The Presenting Officer submitted that the sanction to be applied was a matter for the Panel to determine and he adopted his submissions from stage 2 with regard to the Teacher’s insight, character references and [redacted]. He contended that all disposals were available for the Panel and that it was important for the Panel to send an appropriate message to the Teacher and the public in relation to the conduct expected of a registered teacher particularly in light of the seriousness of the Teacher’s breaches of COPAC.
The Teacher’s Representative submitted that the appropriate sanction in all the circumstances of the case would be a reprimand for a 3-month period. He drew the Panel’s attention to the isolated nature of the event over a short period of time, and that there had been neither harm to nor involvement of pupils in events. He submitted that along with the Teacher’s assurances that he would never repeat the behaviour that the Panel should also take account of the Teacher’s otherwise exemplary, and ongoing, teaching career and the strongly supportive character references. He urged the Panel to take account of the Teacher’s admissions, and of his genuine remorse and serious reflection. He submitted that the case was not in the factual matrix which would require anything other than the sanction of a reprimand, in particular due to the finding of impairment on the ground of over-riding public interest alone.

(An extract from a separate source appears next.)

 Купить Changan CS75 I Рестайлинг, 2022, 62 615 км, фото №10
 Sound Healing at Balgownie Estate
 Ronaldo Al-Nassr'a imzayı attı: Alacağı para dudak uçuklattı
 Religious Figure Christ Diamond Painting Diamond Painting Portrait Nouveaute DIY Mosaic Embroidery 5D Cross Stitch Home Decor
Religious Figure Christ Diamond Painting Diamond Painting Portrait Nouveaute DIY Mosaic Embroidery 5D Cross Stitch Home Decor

The Panel gave careful consideration to the submissions by the parties in relation to disposal, the evidence at the earlier stages of the hearing and the particular circumstances of the case.

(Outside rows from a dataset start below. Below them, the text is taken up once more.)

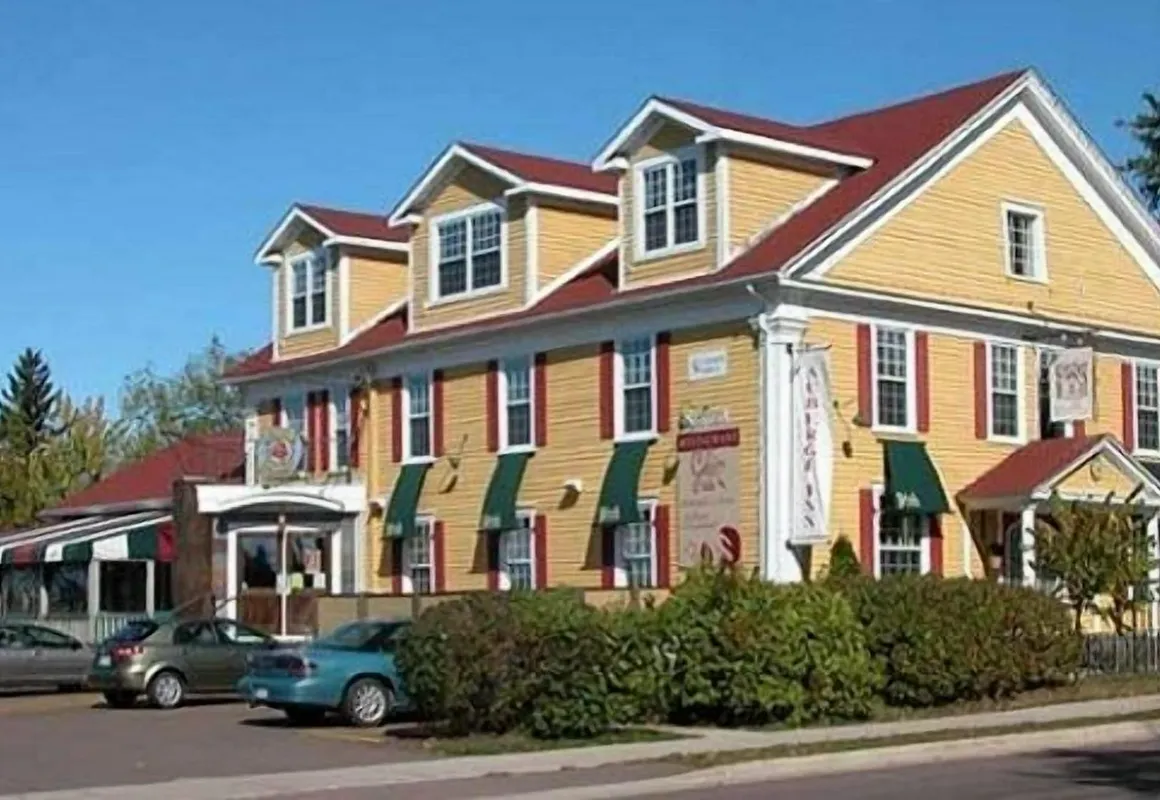 L'Auberge Gabrièle Inn hotel hero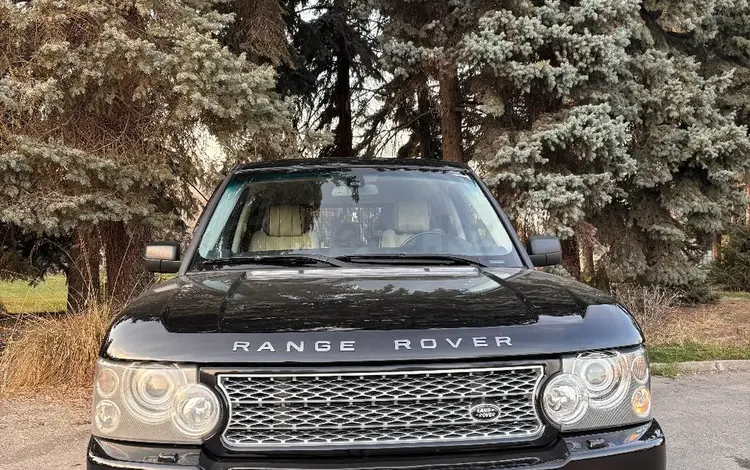 Land Rover Range Rover 2007 года за 8 000 000 тг. в Алматы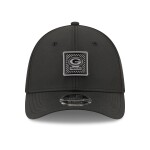 New Era Pánská kšiltovka Green Bay Packers NFL Black 2026 Training Camp 39THIRTY Flex Velikost: S/M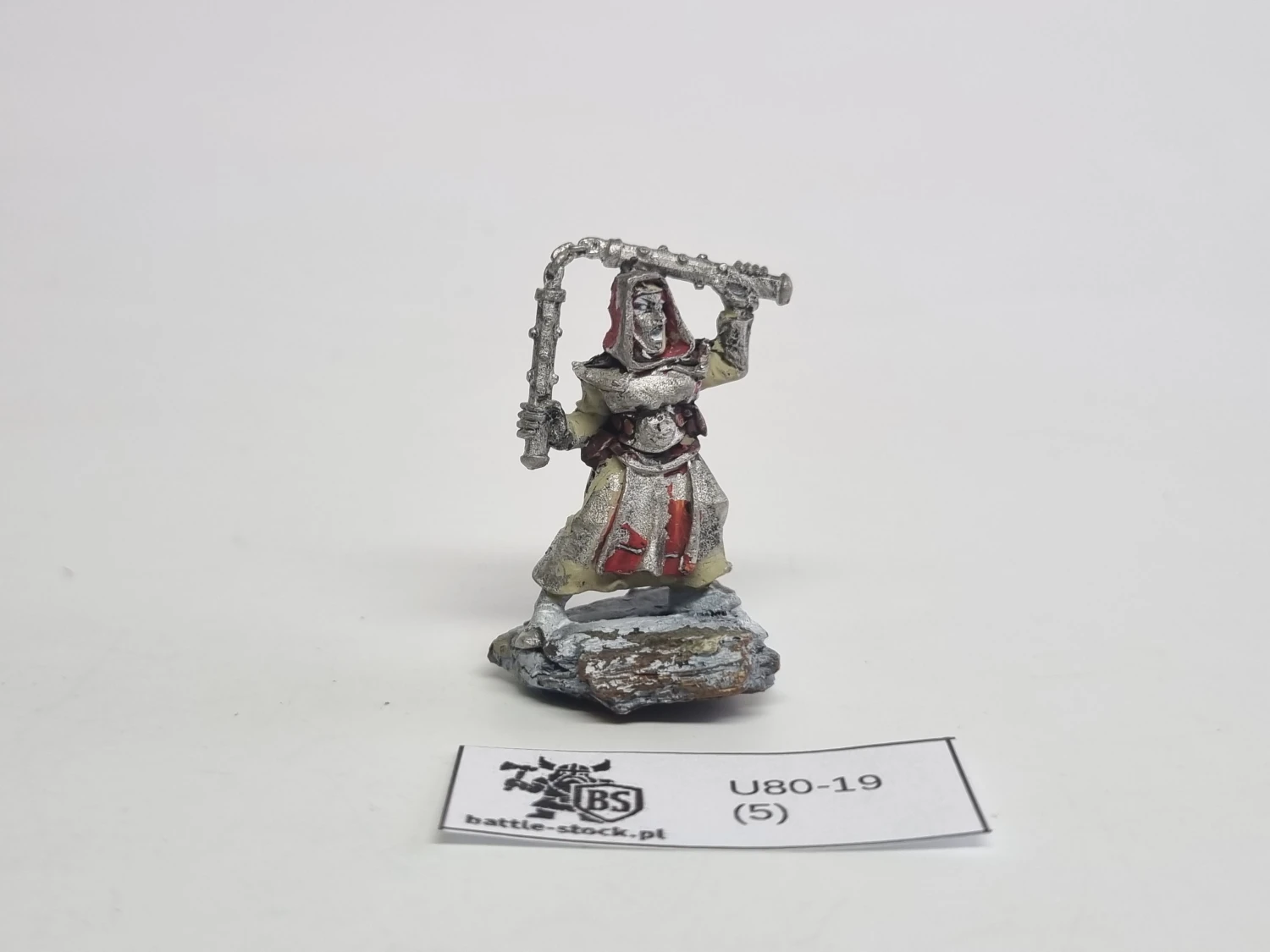 40k sisters of sigmar - uszkodzona
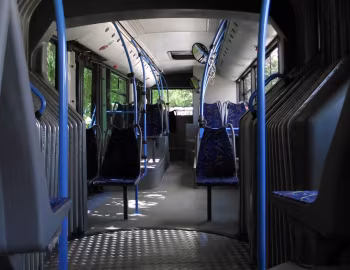 Interior Ikarbus IK-218N '2003–22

The Panel addressed the relevant considerations as outlined in Part B of the IOG. The Panel required to consider the sanctions in ascending order from the least to most severe. Accordingly, the Panel first considered a reprimand. The Panel considered this was the most appropriate sanction in the circumstances. The Panel concluded that the conduct did not constitute an abuse of trust. No harm had been caused to a pupil. The Teacher had admitted most of the conduct found proved. The conduct was not at the most serious end of the range of this type of conduct due, in particular, to the parties’ acceptance that there had been no intent on the part of the Teacher to make any remarks of an antisemitic nature. The Teacher had reflected and had taken steps to remediate. The Panel noted the Teacher’s stated remorse and fervent assurances of having learned his lesson. The Panel was of the view that that the conduct was of an isolated nature albeit it took place over a discrete period of months. The Panel noted that there had been no repetition of the behaviour in the intervening 3 years and that the events represented an ill-judged, one-off incident in an otherwise unblemished teaching career. The Panel considered there was a low likelihood of reoccurrence. The Panel also considered that a reprimand would satisfy the public interest in the particular circumstances of the case. A reprimand appropriately indicated the seriousness of the conduct to the profession and the public and thus would maintain public confidence in teachers, the teaching profession and GTC Scotland’s regulation of the profession. The Panel concluded that the reprimand should be imposed for 9 months. The Panel considered there to be an aggravating factor due to the reprehensible language used by the Teacher and the Panel’s single finding of antisemitism, whilst noting the lack of antisemitic intent on the Teacher’s part. The Panel selected that period due to the nature and seriousness of the conduct and to act as a deterrent to the wider profession.
Accordingly, the Panel ordered that a reprimand will be recorded against the Teacher’s registration on the GTC Scotland Register for an aggregated period of 9 months, effective from the date that the Teacher is notified of this decision.